Photo courtesy of Marilyn Davillier

 

On Thursday, I attended a lecture by Charles Nelson, Ph.D., who is a professor of Pediatrics at Harvard Medical School and affiliated with the work of the Center on the Developing Child. He is a researcher who has done pivotal studies on brain development in relation to institutionalization in early childhood (Bos K, Zeanah C, Fox N, Drury S, McLaughlin K, & Nelson C, Psychiatric outcomes in young children with a history of institutionalization, Harvard Review of Psychiatry, January/February, 2011, pp. 15-24; Fox S, Levitt P, & Nelson C, How the timing and quality of early experiences influences the development of brain architecture, Child Development, January/February, 2010, Vol. 81, Number 1, pp. 28-40).  I was impressed not only by the quality of the research, but also by Chuck Nelson’s commitment to using his research to achieve such important humanitarian goals. It is clear that he really cares about protecting the potential of young children living in circumstances devastating to their healthy development. 

Last night I had dinner with close friends, and I was telling them about my dilemma.
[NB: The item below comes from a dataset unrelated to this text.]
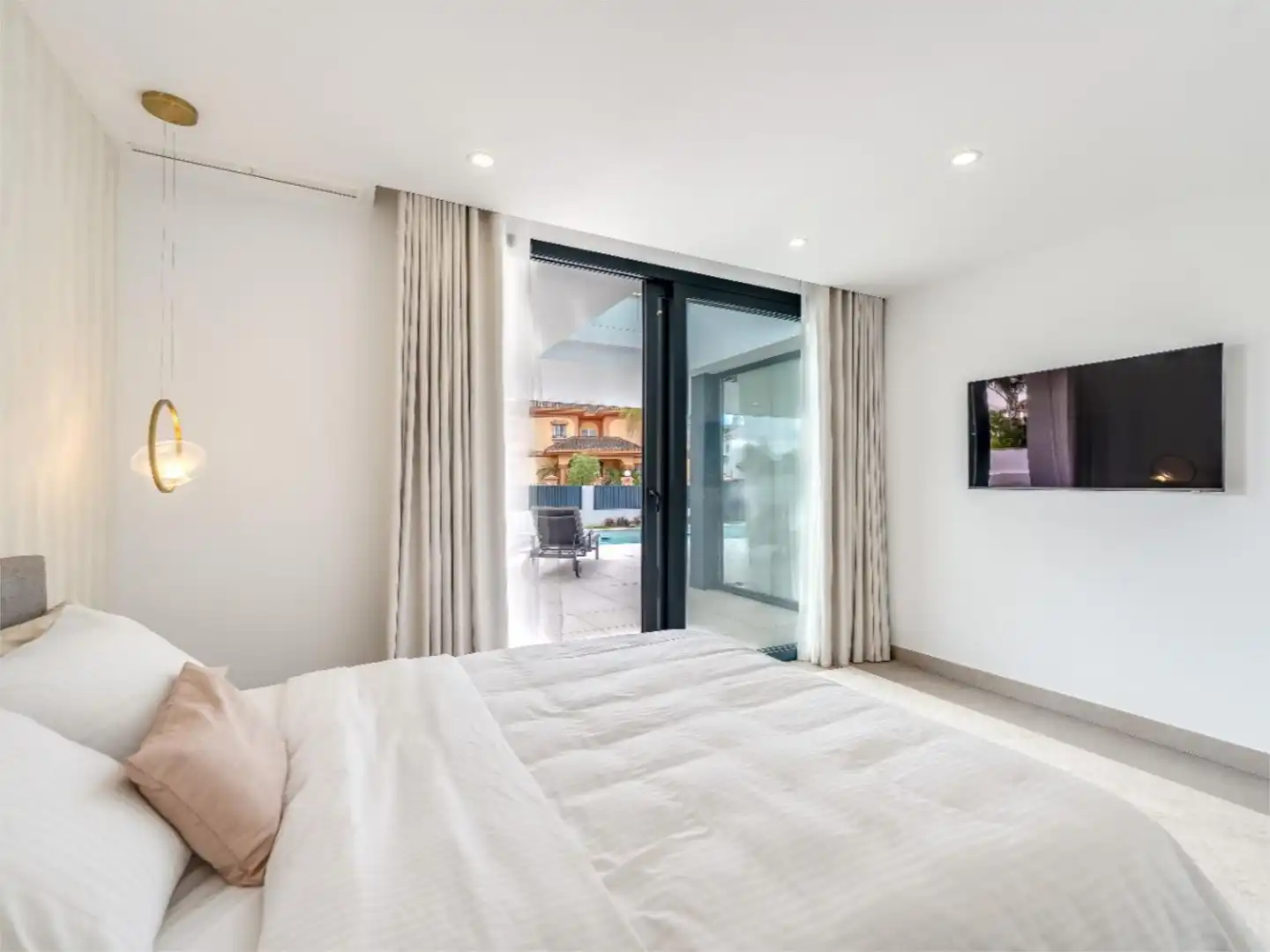 Casa o xalet en venda a Urbanización Montecarlo, 10, Nueva Alcántara Dormitori de Casa o xalet en venda en Marbella amb Aire condicionat, Terrassa i Piscina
I very much believe in the value of the movement to reunite children with their families and support these families in the community where they live, but if only it were that simple. I also believe in what the good people from Better Care Network called “general systems approach” and “sustainability”. But I also see the damage that is being done in the short run as institutions such as the children’s homes that have emerged as the unique solution to a particular country’s abandoned children are dissolved by courts that do not take the needs of the individual children into account.  In the children’s home, I have observed the opposite of what Chuck Nelson described in the Rumanian orphanages – that the earlier the children were when they entered the institution the more damaged they became in that developmentally damaging environment. By contrast, in the home, often the children who did the best were the ones who entered the home as infants, where they were well fed and protected, welcomed into a “home” of loving caregivers and older children who are also caregivers by nature through their belonging to a caregiving culture. I always call up my friend, Lou Sander’s thinking about specificity when I puzzle about this kind of dilemma (Sander, L. Living systems, evolving consciousness, and the emerging person: a selection of papers from the life and work of Louis Sander, The Analytic Press, New York, N.Y., 2008.) 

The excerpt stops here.